The environmental nightmare unleashed by the crippled BP oil well in the Gulf of Mexico crept further into the white-sand paradises of Florida yesterday with officials announcing a swimming ban along a six-mile stretch of popular lido while researchers warned of mass lay-offs in the state's all-important tourism sector this year.
The damage being inflicted on BP itself meanwhile continued to worsen as shares in London fell another 4 per cent in nervous trading that reflected the campaign by the federal government in Washington to shift all blame for the catastrophe on to the company by serving notice that it will be expected to pay all bills. Pressure on BP was even harsher in New York where its depositary shares closed down 16 per cent. "People are resigning themselves to the fact that there may be a suspension of the dividend," said Tony Shepard, an oil analyst at brokerage Charles Stanley in London.
The Interior Secretary, Ken Salazar, told US Congress he now expected BP to pay for the cancelled salaries of anyone unexpectedly without work because of the six-month moratorium on deep-ocean drilling announced in the wake of the blow-out.
A memorandum from Goldman Sachs, the Wall Street brokerage giant, meanwhile put at $33bn (£23bn) the eventual cost to BP for everything associated with the disaster, including clean-up, legal bills and compensation payments. The analysts said it may be a decade before all these costs have materialised, however. The bank predicted the two-quarter dividend holiday by the company in response to direct pressure from US politicians.
Tar balls have been puncturing the sands of Pensacola in Florida since last weekend. Yesterday, officials introduced the first swimming ban in the state associated with the leak, covering a six-mile stretch of Perdido Beach on the Gulf Shore Islands. The White House said Barack Obama, whose presidency has been knocked off course by the crisis, would make a fourth trip to the Gulf Coast next week, notably making his first stop since the disaster began in Florida, an all-important political swing state.
Sean Snaith, an economist with the University of Central Florida, released an initial study into the potential impact of the disaster on the state's economy, concluding that as many as 195,000 Floridians employed in the tourism sector could be laid off as a result of the spill. Mr Snaith contended that a direct hit by the surface slick on Florida could spell a 50 per cent drop in tourist visits.
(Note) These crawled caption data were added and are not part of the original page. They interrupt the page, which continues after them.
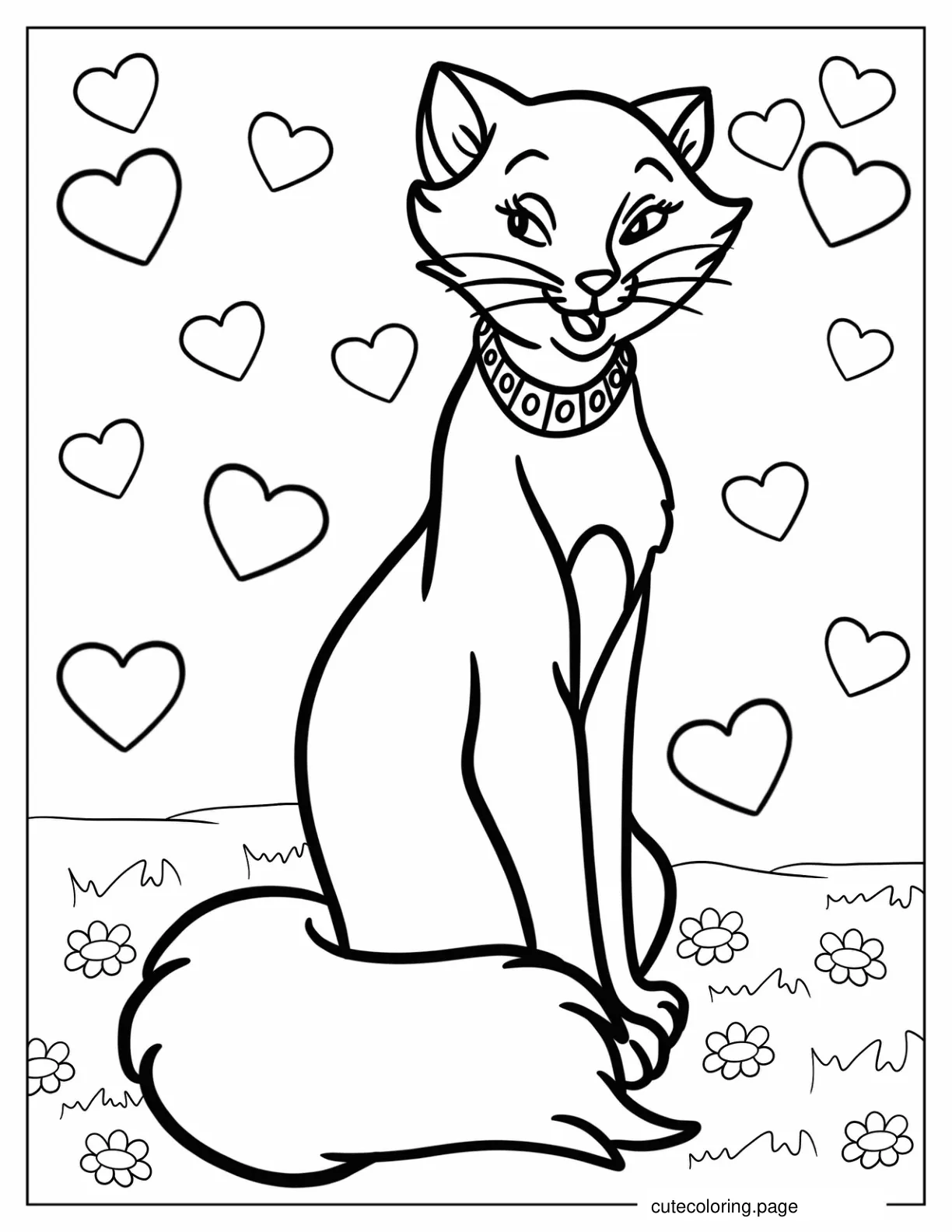 Pretty Duchess With Hearts Coloring Page coloring page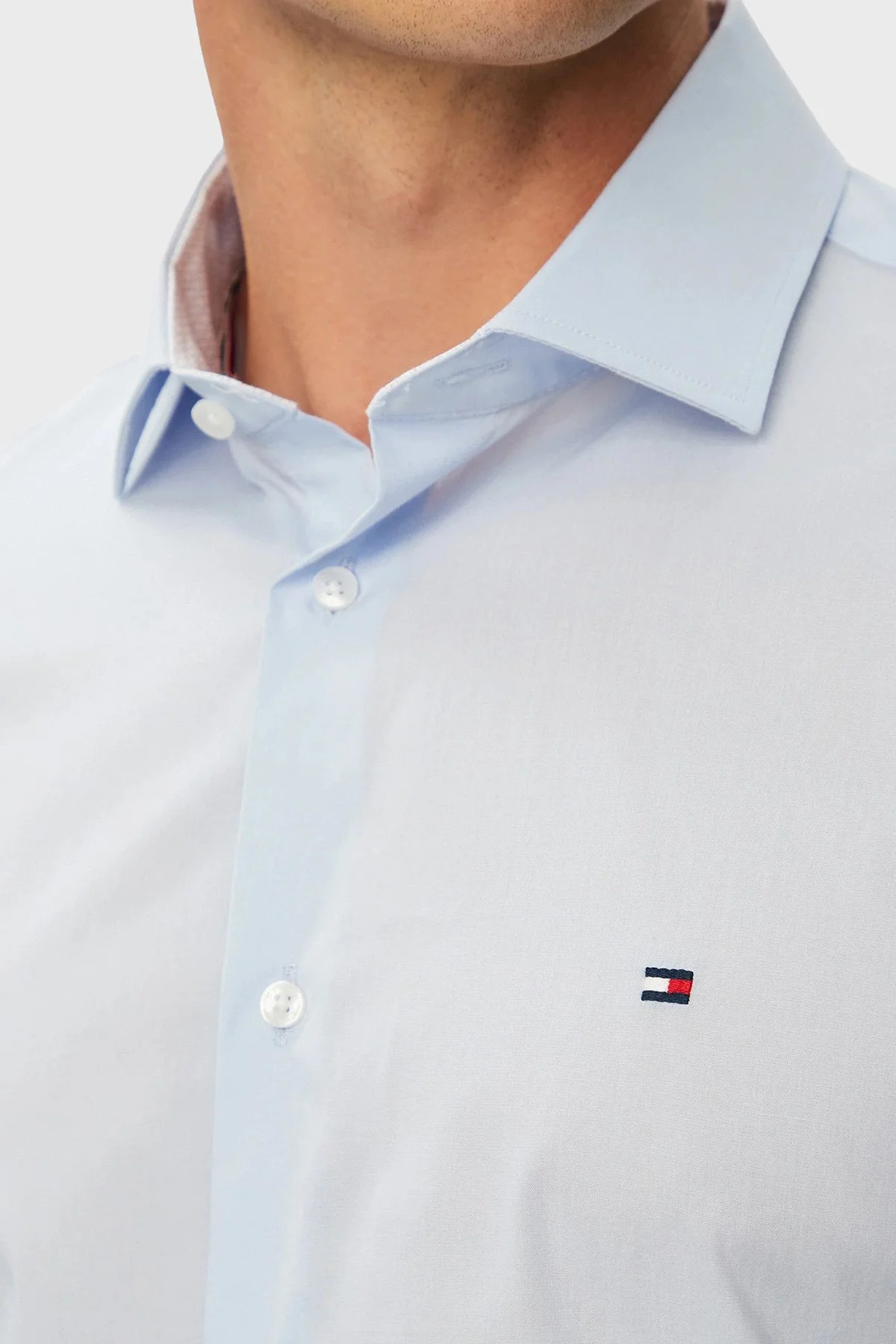 Tommy Hilfiger Pamuklu Slim Fit Uzun Kollu Erkek Gömlek MW0MW43749 C3Q Açık mavi - 4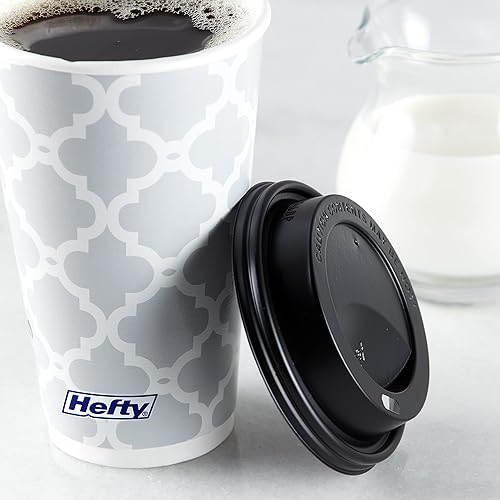 Hefty Disposable Hot Cups with Lids, 16 Ounce, 20 Count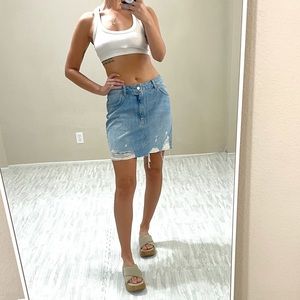 Topshop Light Blue Distressed Denim Skirt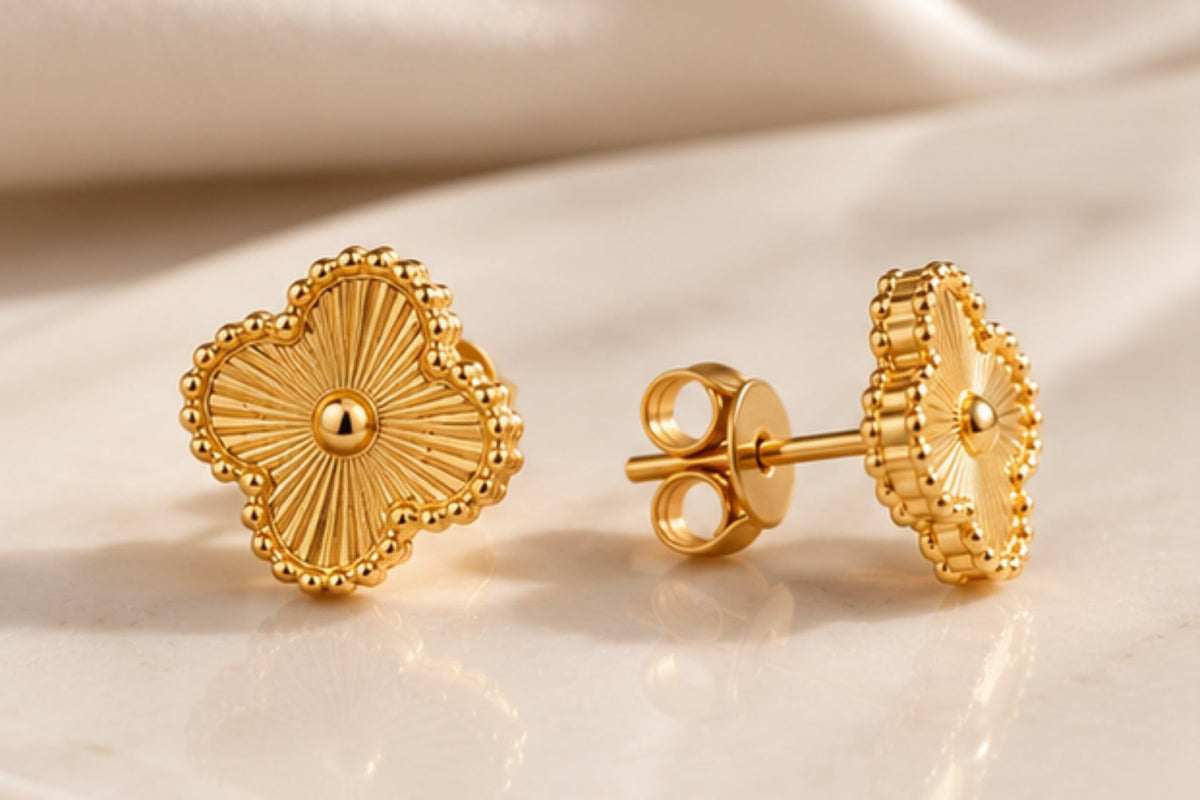 Floral Sunburst Anti-Tarnish Stud Earrings for Women | ZELVÉE Main image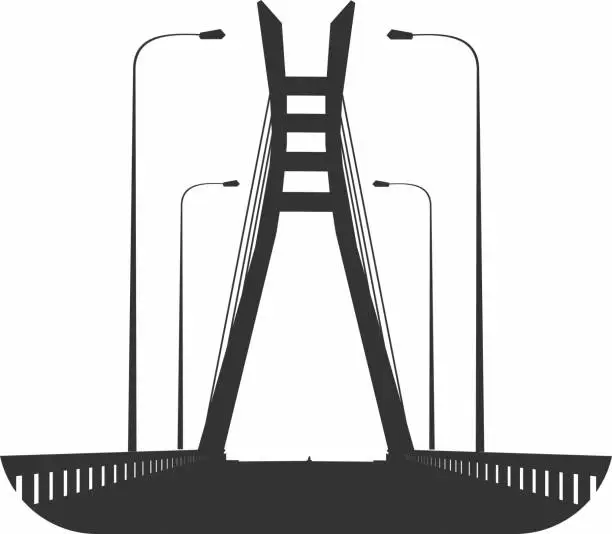 Vector illustration of Bridge icon - Lekki Bridge, Laos, Nigeria.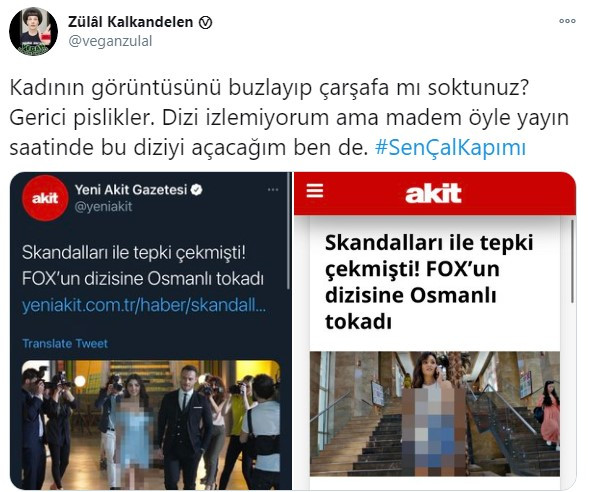 Yobaz ve cahil Akit gazetesi Hande Erçel'in elbisesinden tahrik oldu - Resim: 1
Exactly how serious a scenario will unfold is difficult to predict, he admitted. "The whole economic impact of the episode is a giant layer cake of uncertainty," he said. "How many counties will be affected? I don't know. We won't really know until the oil starts washing up on the shore."
Just days ago, however, officials at BP were publicly suggesting Florida would escape all impact from the spill. As in other areas, the company seems now to have downplayed the fall-out from the disaster. Similarly, officials continued yesterday to dispute findings by the US government that large suspended plumes of crude are hanging in the Gulf as far down as 3,000 feet. The existence of the plumes was confirmed by the government on Tuesday.
Admiral Thad Allen of the US Coast Guard released a letter he had sent to BP expressing concern that the company was fouling up in its disbursement of compensation claim monies. He said he had demanded a meeting with company executives, which was due to take place later yesterday. In the letter to BP sent on 8 June, he said: "The Federal Government and the public expects BP's claims process to fully address the needs of impacted individuals and businesses."